Tears from the depth of some divine despair

Rise in the heart, and gather to the eyes,

In looking on the happy Autumn-fields,

And thinking of the days that are no more.

  • From the Princess, by Lord Alfred Tennyson

As the lady who sat next to me on my flight back to America knows, I am a big crier. My eyes glisten at the climax of every romantic comedy — even the schmaltzy ones. I tear up with pride when a friend performs “I See Fire” or “Yesterday” at their acapella show. And I invariably sob on planes. As I look upon the world in my little pressurized cabin, thinking of the people I’ve left behind and the people I am about to meet, my eyes well up with gratitude at what can be a wonderful life. I’m sure sitting next to me on airplanes is rather disorienting. One moment, I am trudging through my copy of “First as Tragedy, Then As Farce” and the next, I am set off — by an extra bag of pretzels from a compassionate stewardess or those buried memories that I can only seem to excavate at high altitudes. 
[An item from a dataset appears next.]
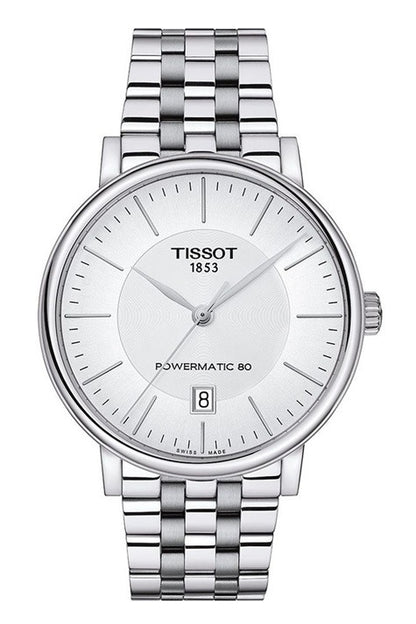 TISSOT modelis T1224071103100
However, in daily life, my mawkish tendencies are rarely so self-centered. In fact, I’m proud to announce that I’m a very empathetic crier. I cry when I read the news and when I rewatch the saddest episodes of “Grey’s Anatomy.” If my parents were ever to cry around me, I don’t think my lachrymal glands could take it. However, for someone who finds crying so facile, I rarely use it for its intended purpose — as a means to process my own emotions.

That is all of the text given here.